Task goal. Repeat only the lines below from the one containing "achievements at work" through the one containing "Kurze Strickjacke Fika Floral", inclusive, exactly as written.

Stored dataset items:
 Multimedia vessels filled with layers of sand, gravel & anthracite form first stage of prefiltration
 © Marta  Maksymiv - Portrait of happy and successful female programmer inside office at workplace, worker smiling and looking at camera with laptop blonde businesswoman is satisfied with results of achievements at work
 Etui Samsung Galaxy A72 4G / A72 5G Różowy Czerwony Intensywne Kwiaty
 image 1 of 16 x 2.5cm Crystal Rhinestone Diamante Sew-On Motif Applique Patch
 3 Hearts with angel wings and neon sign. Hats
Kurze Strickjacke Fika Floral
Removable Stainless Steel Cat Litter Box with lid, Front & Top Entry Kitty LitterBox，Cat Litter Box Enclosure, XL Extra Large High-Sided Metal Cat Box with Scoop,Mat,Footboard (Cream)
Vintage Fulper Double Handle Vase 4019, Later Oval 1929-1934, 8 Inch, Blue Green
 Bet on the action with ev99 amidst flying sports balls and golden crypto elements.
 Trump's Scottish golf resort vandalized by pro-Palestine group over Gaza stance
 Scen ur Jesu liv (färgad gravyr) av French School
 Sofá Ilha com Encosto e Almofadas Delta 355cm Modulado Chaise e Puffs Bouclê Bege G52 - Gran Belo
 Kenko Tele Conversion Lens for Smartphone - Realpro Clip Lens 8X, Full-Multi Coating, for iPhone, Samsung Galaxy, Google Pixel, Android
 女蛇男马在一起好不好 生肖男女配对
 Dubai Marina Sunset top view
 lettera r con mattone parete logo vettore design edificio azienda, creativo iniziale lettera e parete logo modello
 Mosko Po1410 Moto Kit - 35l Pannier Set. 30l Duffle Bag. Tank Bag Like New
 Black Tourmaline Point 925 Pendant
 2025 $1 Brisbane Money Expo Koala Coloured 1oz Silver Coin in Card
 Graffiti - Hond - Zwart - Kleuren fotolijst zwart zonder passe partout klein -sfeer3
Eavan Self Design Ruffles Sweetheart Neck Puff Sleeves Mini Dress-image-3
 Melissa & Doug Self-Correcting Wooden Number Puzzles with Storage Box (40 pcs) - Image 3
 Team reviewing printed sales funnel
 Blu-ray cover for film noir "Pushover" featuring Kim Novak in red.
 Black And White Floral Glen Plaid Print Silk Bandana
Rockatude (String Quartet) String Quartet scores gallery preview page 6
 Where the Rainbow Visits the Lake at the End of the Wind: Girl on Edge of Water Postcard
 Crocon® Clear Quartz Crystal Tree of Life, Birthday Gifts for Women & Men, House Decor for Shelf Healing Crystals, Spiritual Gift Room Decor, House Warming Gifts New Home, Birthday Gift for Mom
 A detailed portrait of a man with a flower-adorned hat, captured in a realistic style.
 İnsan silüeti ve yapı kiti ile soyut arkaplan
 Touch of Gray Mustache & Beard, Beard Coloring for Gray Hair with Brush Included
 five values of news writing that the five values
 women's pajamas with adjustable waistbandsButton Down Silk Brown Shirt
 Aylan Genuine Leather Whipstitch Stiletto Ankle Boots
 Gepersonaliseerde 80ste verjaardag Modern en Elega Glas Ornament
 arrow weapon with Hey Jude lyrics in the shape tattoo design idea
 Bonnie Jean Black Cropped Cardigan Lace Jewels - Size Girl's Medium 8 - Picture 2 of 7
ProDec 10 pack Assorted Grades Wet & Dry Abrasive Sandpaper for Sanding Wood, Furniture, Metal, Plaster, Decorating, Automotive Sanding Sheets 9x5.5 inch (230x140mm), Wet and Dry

Completed exercise.
 © Marta  Maksymiv - Portrait of happy and successful female programmer inside office at workplace, worker smiling and looking at camera with laptop blonde businesswoman is satisfied with results of achievements at work
 Etui Samsung Galaxy A72 4G / A72 5G Różowy Czerwony Intensywne Kwiaty
 image 1 of 16 x 2.5cm Crystal Rhinestone Diamante Sew-On Motif Applique Patch
 3 Hearts with angel wings and neon sign. Hats
Kurze Strickjacke Fika Floral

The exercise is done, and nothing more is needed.